I have been thinking long and hard about the current state of affairs in education in this country and more specifically in languages education. I have had the privilege to be invited to a Ministerial meeting along with some esteemed languages colleagues to talk to Nick Gibb about the state of languages in this country. I was disappointed. Let me put it this way, watch out Matt Smith, because Nick Gibb is chasing at your heels to be the next time travelling Doctor, although he only goes one way; back.
Nick Gibb wants rows of children who repeat verb paradigms of by heart (preferably Latin or Biblical Hebrew) and he really wants us to live education in black and white. His adage "it's not the skills you have, it's what you know." The scary thing is that I thought I lived in a democratic society but in fact I do not. After three hours of intense debate, some of the best thinkers in languages education (amongst whom I do not count myself, I was there by the default of "we'd best get a northern comprehensive type in") had thrashed out some fantastic ideas and in some ways started along the path of developing a truly blended languages curriculum with a focus on grammar at times, creative use of the language, developing through partial immersion through to CLIL. A curriculum where languages education is , at times, done to students, most often done with students and gives learners opportunities for independence so their languages education is done by them. I was delighted to see the CLIL enthusiasts acknowledging the need for learning about language as well as learning through the language and some (smaller) concessions made by the one-word-at-a-time grammarians who, I think started to see some point in immersion in the target language. So was the democratic seed of a curriculum where different view points were synthesised from which a blended, purposeful pedagogy could be allowed to germinate? No. Nick Gibb closed the meeting with the same retro 1950s grammar school remarks he started it with. He had listened, but he had not heard. (As an aside, the best question Nick Gibb asked was "So when do you teach them the pluperfect?" I answered "When they are ready.")

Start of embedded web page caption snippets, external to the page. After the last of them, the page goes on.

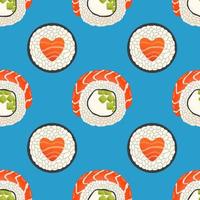 sushi broodjes naadloos patroon Japan Aziatisch voedsel vector ontwerp geïsoleerd Aan kleurrijk achtergrond. vector illustratie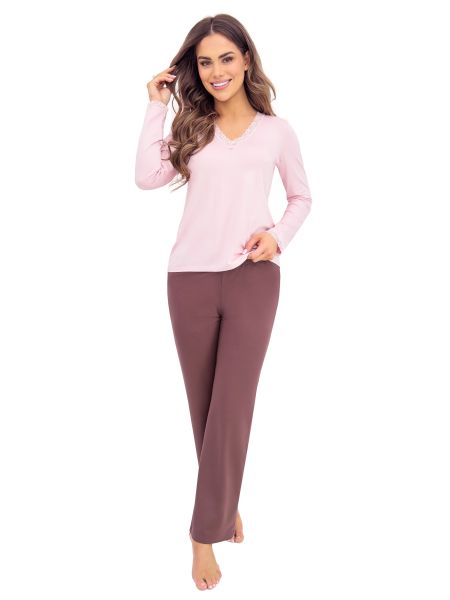 Pijama de señora pantalón largo - Daphne largo rosa - 3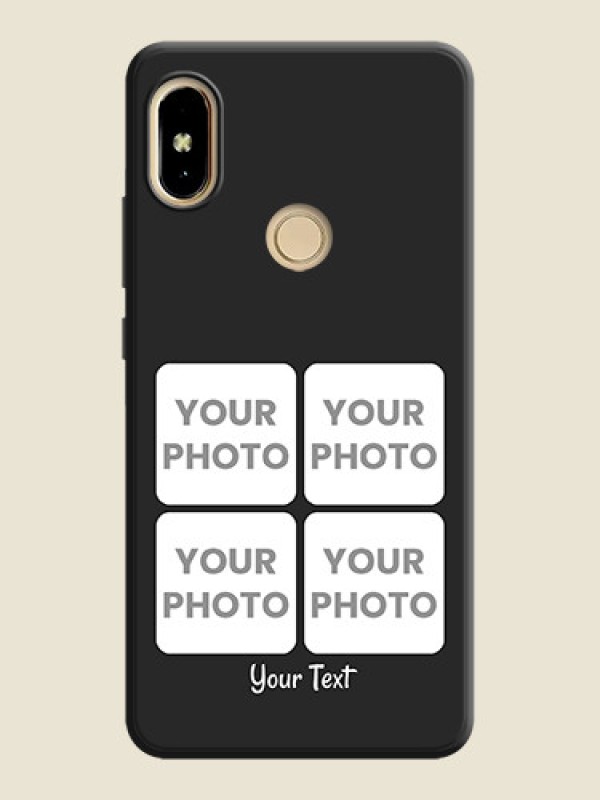 Custom Floral Art with 6 Image Holder on Photo on Space Black Soft Matte Mobile Case - Redmi S2 - alternate view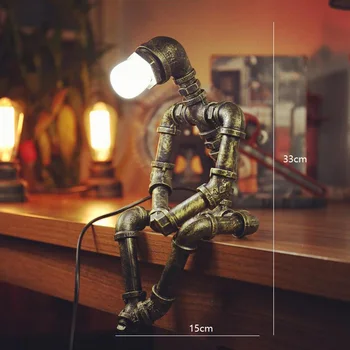 Robot Lampa de Masa Vintage Loft Țeavă de Fier Lampa de Birou Industrial Led Lămpi de Masă pentru Noptiera Cafenea de Interior Decor Retro Corpuri de iluminat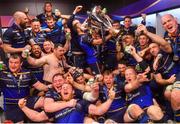 12 May 2018; The Leinster team celebrate in the dressing room following their victory in the European Rugby Champions Cup Final match between Leinster and Racing 92 at the San Mames Stadium in Bilbao, Spain. Photo by Ramsey Cardy/Sportsfile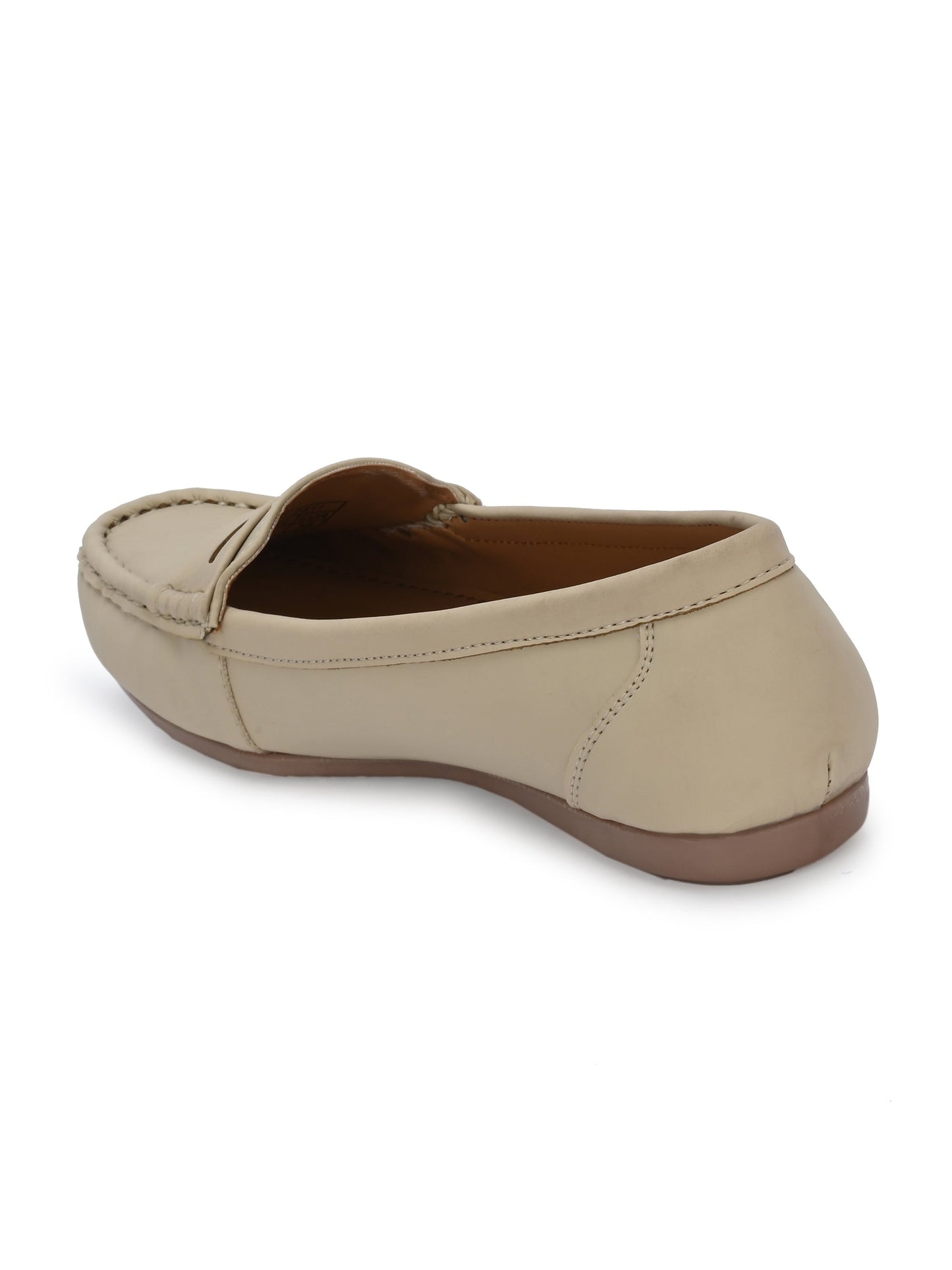 Women Off-White Ballerinas Textured Round Toe Loafers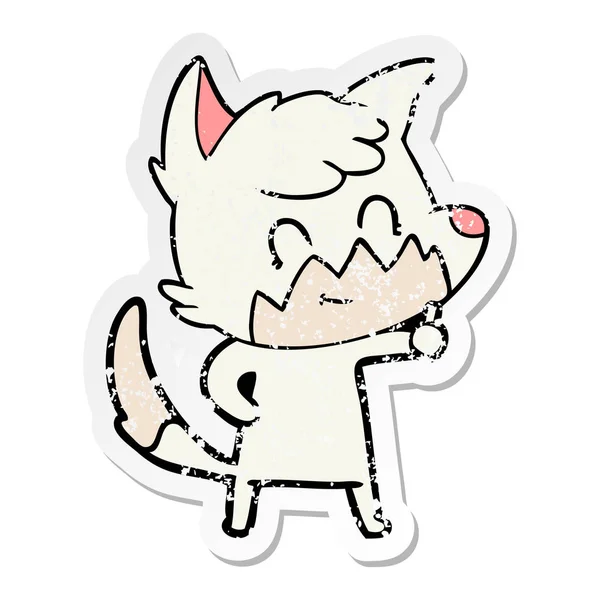 Distressed Sticker Cartoon Friendly Fox — Stock Vector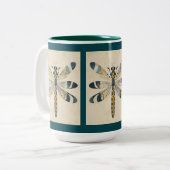 TEAL DRAGONFLY MUG ZWEIFARBIGE TASSE (Vorderseite Links)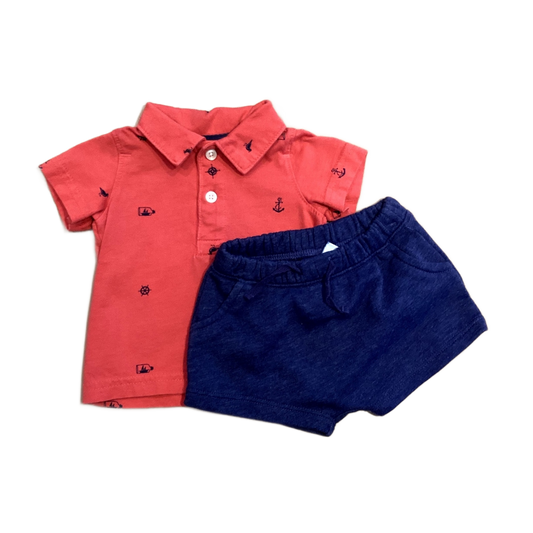 0-3 Boys Carter's Red Nautical Print Polo, Old Navy Blue Cloth Shorts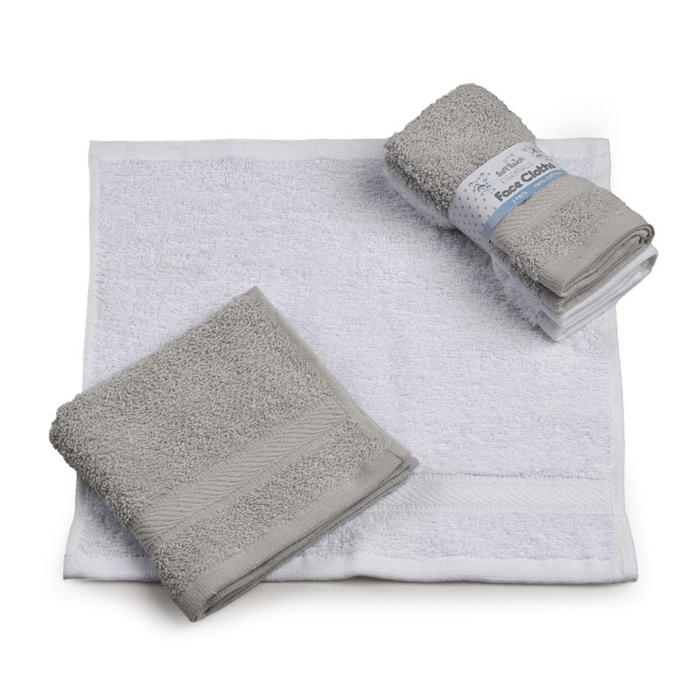 Grey & White Soft Cotton Face Cloths for Family Use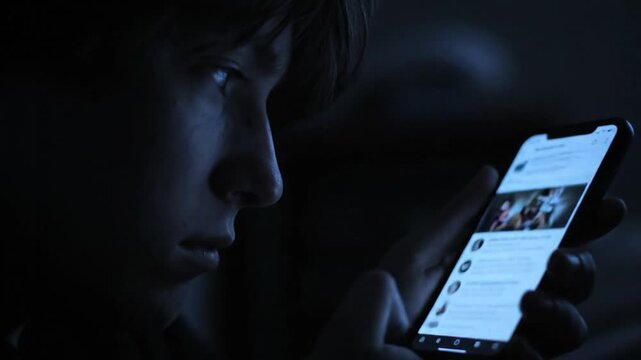 Man Using Smartphone in Dark Room.
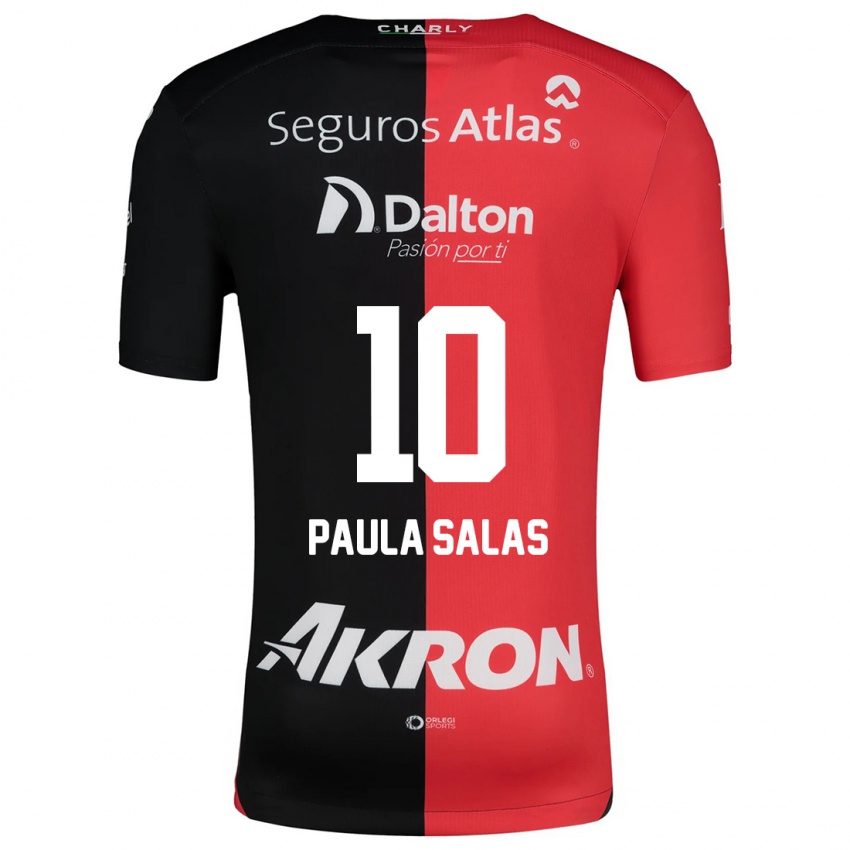 Kinder María Paula Salas #10 Rot Schwarz Heimtrikot Trikot 2024/25 T-Shirt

So where does this leave us now? In despair? No. With no other choice but to accept the crushingly directive curriculum based on "how we were taught which did us terribly well" from this government? No. It occurred to me that democracy is not everyone having a say in the way they think languages education should be, it is, in fact, everyone doing what they believe is the right thing. I will continue to teach my children languages in the best way I know how, developing their language skills and their learning skills and giving them as much fun, excitement and intercultural understanding as I can. We are many, they are few and although it would be (slight) exaggeration to compare Mr Gibb and Mr Gove to despotic tyrants, look what happened in Egypt.